For us, though, this is the summer of the pair of grey-coloured herons which have taken up residence in a giant old plane tree near where I'm writing this. (I thought they were kotuku, but I see that the kotuku is white.) Their nest is about 15 or 20m up the tree. They've built a shallow bowl, just a platform really, of dry sticks. They nest in trees near lakes, I read. And indeed, in the two ponds nearby, there are many frogs and tadpoles. And eels, of course, but they seem to be the province of the monstrously ugly shag that comes visiting. I saw the shag fighting an eel one day. For a few seconds I was terrified. Big Black Greasy tearing Big Black Greasy to death.
We still can't tell if the heron couple have a chick up in their nest. I never see them fly out in the morning, but we see them coming back in the evening. They fly beautifully, slightly nose-down. Like the Concorde, which I used to watch coming into Heathrow from a friend's house at Twickenham. Long nose out the front, wings far to the back.

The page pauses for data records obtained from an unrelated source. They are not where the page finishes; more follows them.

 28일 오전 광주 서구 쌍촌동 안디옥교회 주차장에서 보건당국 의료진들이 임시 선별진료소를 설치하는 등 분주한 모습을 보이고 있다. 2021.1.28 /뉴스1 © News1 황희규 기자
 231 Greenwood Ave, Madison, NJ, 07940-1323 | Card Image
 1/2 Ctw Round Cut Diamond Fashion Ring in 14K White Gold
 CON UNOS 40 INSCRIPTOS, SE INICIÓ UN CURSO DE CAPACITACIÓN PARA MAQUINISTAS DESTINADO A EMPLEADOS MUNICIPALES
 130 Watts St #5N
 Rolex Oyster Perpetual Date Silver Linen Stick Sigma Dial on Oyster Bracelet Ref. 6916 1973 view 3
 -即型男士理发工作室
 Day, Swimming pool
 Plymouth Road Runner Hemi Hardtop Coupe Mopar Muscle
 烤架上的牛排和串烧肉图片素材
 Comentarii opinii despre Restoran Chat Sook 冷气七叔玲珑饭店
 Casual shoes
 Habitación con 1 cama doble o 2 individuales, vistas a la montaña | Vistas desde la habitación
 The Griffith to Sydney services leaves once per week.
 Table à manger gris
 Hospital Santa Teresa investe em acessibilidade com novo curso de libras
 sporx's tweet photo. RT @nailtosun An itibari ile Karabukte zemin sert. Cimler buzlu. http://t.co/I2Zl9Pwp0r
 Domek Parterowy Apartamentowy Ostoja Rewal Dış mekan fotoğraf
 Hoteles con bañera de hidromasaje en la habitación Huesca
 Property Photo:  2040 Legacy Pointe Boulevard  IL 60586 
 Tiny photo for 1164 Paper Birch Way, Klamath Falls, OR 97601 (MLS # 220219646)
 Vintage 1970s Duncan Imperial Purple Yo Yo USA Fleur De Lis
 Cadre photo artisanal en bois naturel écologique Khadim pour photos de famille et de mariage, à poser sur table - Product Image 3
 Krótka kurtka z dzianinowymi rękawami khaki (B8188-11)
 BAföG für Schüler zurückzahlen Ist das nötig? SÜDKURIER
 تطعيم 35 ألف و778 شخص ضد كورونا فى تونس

And despite their huge wingspan, they fly into a densely leafed tree. They shouldn't be able to do that. They should injure themselves, but they don't.
As for the reading so far this summer, a friend sent me a copy of a strange thing called The Night Circus, by Erin Morgenstern. What a remarkable book. It takes you into a strange, ethereal world of magic and leaves you there. Charles Cumming's The Trinity Six is a clever English thriller.
My Week with Marilyn, by Colin Clark, the story of the disastrous combination of Marilyn Monroe and Laurence Olivier making The Prince and the Showgirl back in the mid 1950s, is extraordinary. Marilyn probably wasn't insane, but she might as well have been. The crew came to detest her.
But for some reason, I got hold of a copy of J.C. Beaglehole's vast and definitive The Life of Captain James Cook, which was published in 1972, and read it. I am probably the only person who read J.C. Beaglehole's James Cook this summer. Beaglehole studied Cook for 40 years, then wrote the entire book in 18 months. It must have poured out of him. He died before the proofs were corrected. His son Tim stepped in to finish the project.
Cook may have been the greatest explorer of them all. He made three great dips into the Antarctic circle and came within about 100km of the Antarctic land mass. If he hadn't turned left towards the Atlantic, instead of turning right, he would have come across what is now the Australian Antarctic Territory and would have been the first man to see the Southern Continent.
The curious thing about Cook, however - and even Beaglehole concedes this - is that despite our knowledge of what he did and despite the great volumes of journals he kept of his voyages, we don't really know a heck of a lot about what he was like as a bloke.
Certainly he was firm but diplomatic, at least until the last couple of hours of his life when he snapped and the Hawaiians did for him.
But he was shrewd. He liked the Maori very much, the "New Zealanders", he called them.
But he made this observation, after the massacre of a number of the crew of his companion ship the Adventure - an observation which modern New Zealanders might consider to have been very wise.
"I must however observe in favour of the New Zealanders that I have always found them of a Brave, Noble, Open and benevolent disposition, but they are a people that will never put up with an insult if they have an opportunity to resent it."